Prof. Dr. Dr. Manfred Zehender © Universitätsklinikum Freiburg

Die beiden Kardiologen des Universitätsklinikums Freiburg erhalten in diesem Jahr den Preis für neue Behandlungsansätze zur Optimierung Medikamente-freisetzender Stents in der Behandlung der koronaren Herzerkrankung. Medikamente freisetzende Stents sind als Therapieprinzip in der Behandlung der koronaren Herzerkrankung etabliert. Alle bisher durchgeführten Studien auf diesem Gebiet nutzten interindividuelle Vergleichsansätze mit großen Patientenkollektiven und dem Ziel, den besten, für alle Gruppen gültigen Therapieansatz zu identifizieren. Das Studiendesign ist sinnvoll, um die generelle Überlegenheit einer Stenttechnologie zu testen. Jedoch bleibt die Frage offen, ob alle Patientinnen und Patienten im gleichen Maße von dem so evaluiert „besten“ Koronarstent wirklich profitieren.

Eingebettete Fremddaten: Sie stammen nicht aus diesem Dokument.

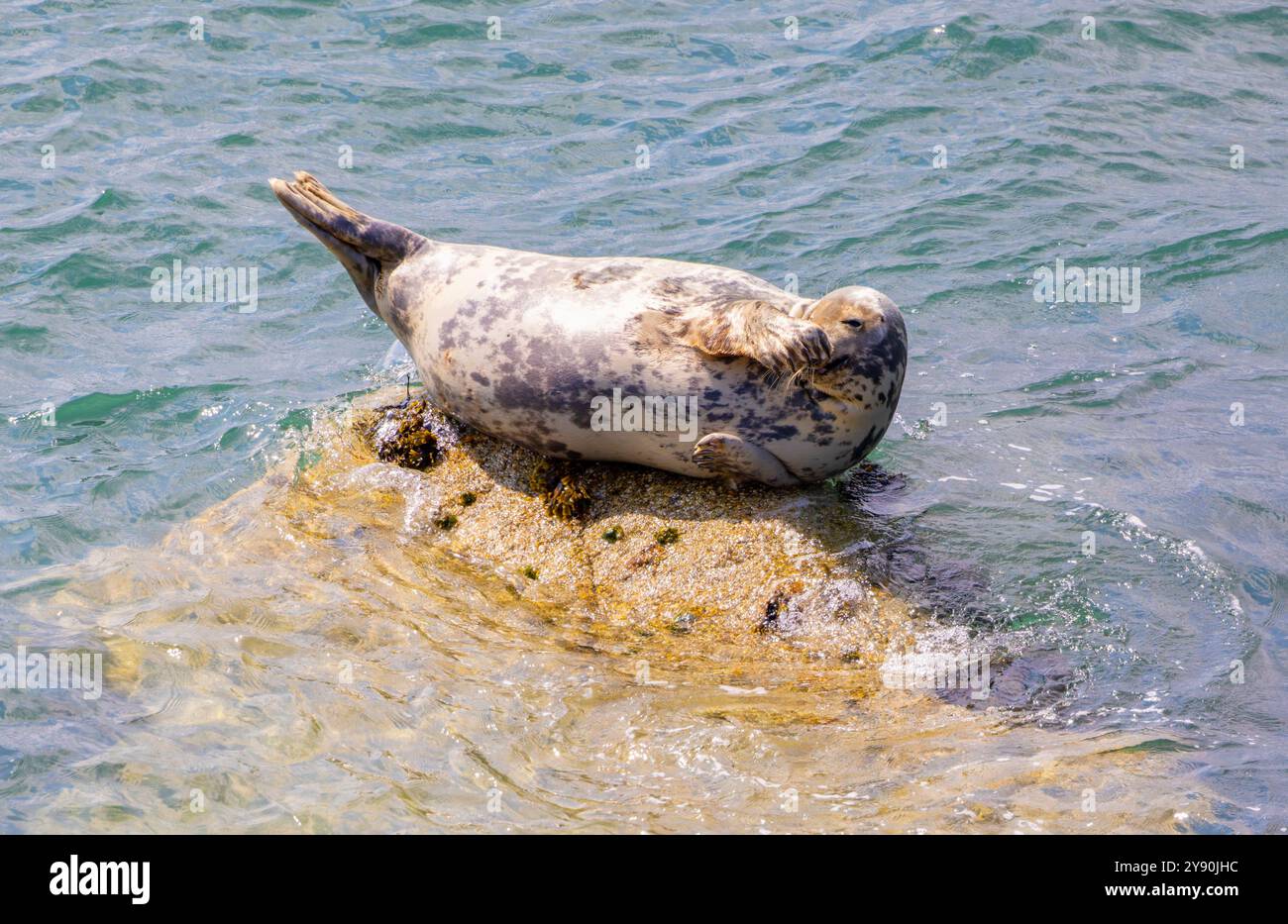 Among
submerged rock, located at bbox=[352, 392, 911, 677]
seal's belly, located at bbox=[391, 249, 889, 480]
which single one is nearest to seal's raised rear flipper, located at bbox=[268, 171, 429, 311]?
Result: seal's belly, located at bbox=[391, 249, 889, 480]

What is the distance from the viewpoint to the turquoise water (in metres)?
5.90

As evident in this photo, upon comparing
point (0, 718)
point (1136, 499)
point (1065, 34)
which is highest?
point (1065, 34)

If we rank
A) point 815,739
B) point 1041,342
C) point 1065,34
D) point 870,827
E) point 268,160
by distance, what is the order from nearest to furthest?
point 870,827 → point 815,739 → point 1041,342 → point 268,160 → point 1065,34

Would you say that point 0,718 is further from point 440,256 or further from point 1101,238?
point 1101,238

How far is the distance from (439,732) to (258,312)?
17.6 ft

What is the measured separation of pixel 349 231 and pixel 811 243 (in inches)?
166

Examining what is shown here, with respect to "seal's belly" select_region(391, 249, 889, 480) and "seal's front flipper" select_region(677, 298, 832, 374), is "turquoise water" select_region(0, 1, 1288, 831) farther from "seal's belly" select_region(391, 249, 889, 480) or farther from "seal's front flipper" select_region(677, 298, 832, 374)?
"seal's front flipper" select_region(677, 298, 832, 374)

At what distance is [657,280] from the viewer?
20.2ft

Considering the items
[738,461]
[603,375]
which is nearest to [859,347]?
[738,461]

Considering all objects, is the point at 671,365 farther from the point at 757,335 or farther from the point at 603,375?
the point at 757,335

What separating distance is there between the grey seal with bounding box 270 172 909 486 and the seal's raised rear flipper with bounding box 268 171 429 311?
0.52 meters

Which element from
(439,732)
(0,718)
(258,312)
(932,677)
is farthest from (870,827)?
(258,312)

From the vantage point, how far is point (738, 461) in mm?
5863

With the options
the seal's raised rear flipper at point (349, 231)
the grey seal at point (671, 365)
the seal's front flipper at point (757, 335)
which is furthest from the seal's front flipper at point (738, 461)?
the seal's raised rear flipper at point (349, 231) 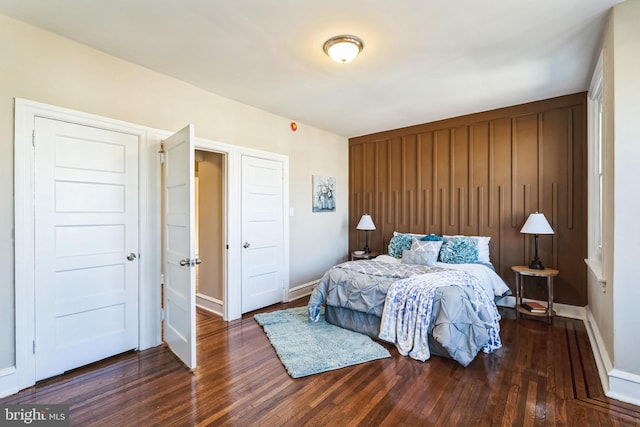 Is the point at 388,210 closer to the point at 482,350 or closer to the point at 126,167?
the point at 482,350

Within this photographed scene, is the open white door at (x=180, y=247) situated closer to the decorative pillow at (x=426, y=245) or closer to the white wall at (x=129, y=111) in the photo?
the white wall at (x=129, y=111)

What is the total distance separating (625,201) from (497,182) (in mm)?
2235

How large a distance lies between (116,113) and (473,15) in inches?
117

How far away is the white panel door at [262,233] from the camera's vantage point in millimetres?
3820

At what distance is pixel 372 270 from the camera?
3365mm

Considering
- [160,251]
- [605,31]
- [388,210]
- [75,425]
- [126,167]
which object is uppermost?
[605,31]

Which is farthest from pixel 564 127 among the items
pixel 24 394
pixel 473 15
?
pixel 24 394

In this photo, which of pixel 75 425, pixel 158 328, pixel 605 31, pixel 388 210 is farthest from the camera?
pixel 388 210

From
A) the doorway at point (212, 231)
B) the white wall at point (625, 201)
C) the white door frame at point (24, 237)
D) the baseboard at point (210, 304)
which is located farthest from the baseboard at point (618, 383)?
the white door frame at point (24, 237)

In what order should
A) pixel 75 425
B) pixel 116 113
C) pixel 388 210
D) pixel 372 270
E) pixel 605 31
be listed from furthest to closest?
pixel 388 210
pixel 372 270
pixel 116 113
pixel 605 31
pixel 75 425

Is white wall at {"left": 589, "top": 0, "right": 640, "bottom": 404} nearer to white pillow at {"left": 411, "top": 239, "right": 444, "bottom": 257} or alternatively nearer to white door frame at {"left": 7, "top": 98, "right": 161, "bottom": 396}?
white pillow at {"left": 411, "top": 239, "right": 444, "bottom": 257}

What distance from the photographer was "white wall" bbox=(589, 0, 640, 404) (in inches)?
78.5

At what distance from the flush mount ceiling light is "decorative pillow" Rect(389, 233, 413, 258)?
269 cm

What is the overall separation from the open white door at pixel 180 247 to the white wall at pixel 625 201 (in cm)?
301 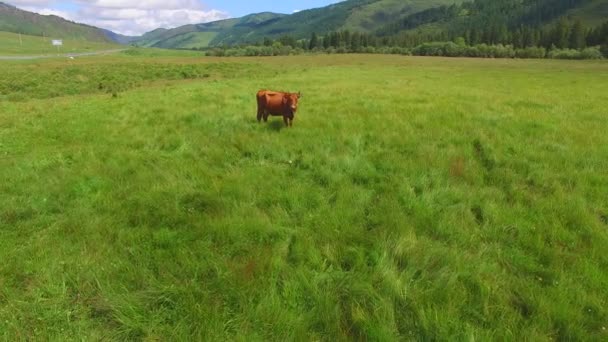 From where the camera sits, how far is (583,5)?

Möglicherweise bietet ein über das ganze Kollektiv betrachteter unterlegener Stent für einen individuellen Patienten weitaus größere Vorteile. Die nun an insgesamt fünf Universitätsklinika unter Leitung der Freiburger Arbeitsgruppe durchgeführte „FREiburgRACE Studie“ geht erstmals dieser Frage nach. Sie wählt mit dem intraindividuell vergleichenden Studiendesign einen neuen Ansatz und liefert erstmals Daten, die darauf hinweisen, dass eine zunehmende Differenzierung der Stent-Technologie zum Wohle der einzelnen Patienten weitaus besser genutzt werden kann.

Im Rahmen der randomisierten Studie wurde die Fragestellung untersucht,
ob es einen einzigen Medikamente freisetzenden Stent mit dem besten Nutzen-Risiko-Verhältnis für alle Patientinnen und Patienten geben kann, oder ob bei der Auswahl des entsprechenden Stenttyps individuelle Kriterien berücksichtigt werden müssen. Hierzu wurden die Patientinnen und Patienten im intraindividuellen Vergleich, also mit zwei unterschiedlichen Medikamente freisetzenden Stents, in ihren unterschiedlichen Herzkranzgefäßen behandelt und zwölf Monate lang beobachtet.

PD Dr. Marc Kollum © Universitätsklinikum Freiburg

„Die FREiburgRACE Studie bestätigt experimentelle Ansätze, die davon ausgehen, dass individuelle Heilung und Verträglichkeit moderner Stenttechnologie von Patient zu Patient unterschiedlich sein können“,
berichtet Privatdozent Dr. Marc Kollum. „Darüber hinaus zeigt sie, dass das, was der Mehrheit von Patienten nutzt, nicht für jeden Patienten gilt. Im Gegenteil: Die in der allgemeinen Tendenz unterlegenen Koronarstents
können bei entsprechender individueller Auswahl für den einzelnen Patienten deutlich überlegene Ergebnisse erbringen. Das heißt, weniger Wiedereinengung von Gefäßstenosen, weniger Angina pectoris, weniger
Herzinfarkte und weniger Bypassoperationen.“

„Dies ist ein neuer Ansatz, der der modernen Stenttherapie mit ihrer zunehmenden Anzahl technologisch unterschiedlicher Ansätze ganz neue
Therapieoptionen eröffnet“, so Prof. Dr. Dr. Zehender. „Ziel muss es nun sein, den jeweils besten Stent mit dem besten Nutzen-Risiko-Profil für den individuellen Patienten auszuwählen. Die FREiburgRACE Studie hat hierzu die zukunftsweisende Grundlage geschaffen.“

Nicht zuletzt zeigte sich, dass intraindividuelle Vergleichsansätze für die Behandelten genauso zuverlässig und aussagekräftig sind wie große interindividuelle Studien mit zehnmal so vielen Teilnehmenden.